Neben Red Bull schmelzen besonders Mercedes die neuen Reifen davon wie Eis in einem Kochtopf. Beide führen die Allianz der Revoluzzer an, die Umbauten an den Reifen fordern. Doch das ist laut Reglement nur mit Zustimmung aller Teams möglich. Obwohl selbst Fernando Alonso nach seinem Sieg in Barcelona die Reifen kritisierte, leidet sein Ferrari weniger als andere Wagen unter den Gummis. Gemeinsam mit den ebenfalls reifenschonenden Lotus und Force India bildet Ferrari die kleinere Koalition der Reaktionäre, die gern alles so lassen würden, wie es ist. „Beim Fußball wird das Tor auch nicht mitten in der Saison vergrößert“, sagt Lotus-Teamchef Eric Boullier.

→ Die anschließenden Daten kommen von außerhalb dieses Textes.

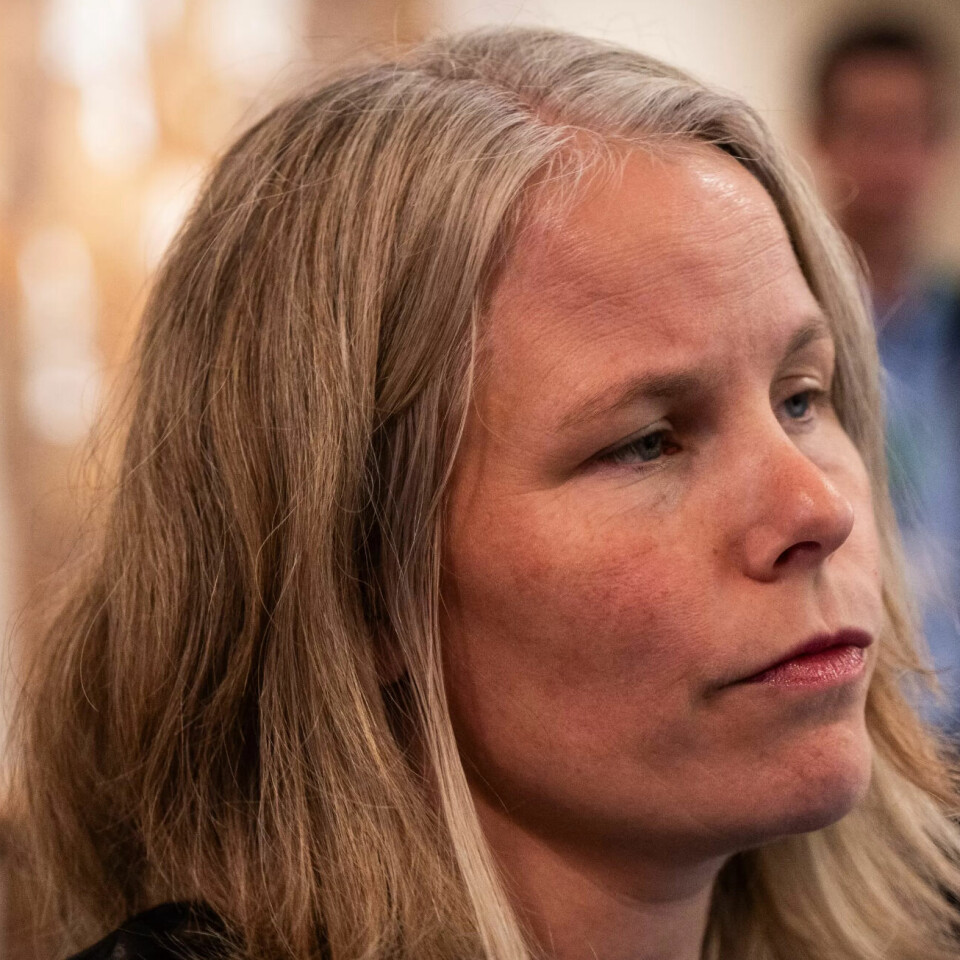 Det må sterkere lut til før statsbudsjettet kan få SVs støtte, varsler partileder Kirsti Bergstø. Det må sterkere lut til før statsbudsjettet kan få SVs støtte, varsler partileder Kirsti Bergstø.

So ist der Reifen zum Politikum geworden, zum womöglich wichtigsten Faktor in der WM. Das Titelrennen wird maßgeblich dadurch entschieden, wer Pirelli auf seine Seite ziehen kann. Einen kleinen Punktsieg haben die Revoluzzer nun erreicht, auch weil sie Formel-1-Boss Bernie Ecclestone als Mitstreiter auf ihrer Seite haben. Für das übernächste Rennen am 9. Juni in Montreal will Pirelli Änderungen vornehmen, dem Vernehmen nach sollen die Hinterreifen haltbarer gemacht werden. Das könnte auch ohne Zustimmung aller Teams mit Verweis auf Sicherheitsaspekte durchgehen, weil sich zuletzt einige Hinterreifen bedrohlich aufgelöst hatten. „Die Reifen bilden viele Klumpen, die gefährlich werden können“, sagt Vettel beschwörend. „Sie sind einfach nicht gut genug, und es kann nicht sicher sein, wenn sie sich auflösen.“ Fast alle Piloten würden so denken wie er: „Ich weiß doch, was die anderen in den Fahrertreffen sagen. Auch die Lotus-Fahrer beschweren sich, denn sie haben dasselbe Problem, nur zu einem geringeren Grad.“

Kimi Räikkönen würde gern weiter auf den alten Reifen herumrutschen. Der Finne mischt derzeit vorn in der WM mit, weil sein Lotus und sein Fahrstil mit den Reifen harmonieren. „Fair wäre es, alles so zu lassen“, sagt er. Und streut Verschwörungstheorien: „ Sie können die eine Sache ankündigen, aber etwas anderes machen.“ Eine Sache zumindest wird sich in der Formel 1 nie ändern: Am Ende wird auch über die neuen Reifen gestritten werden.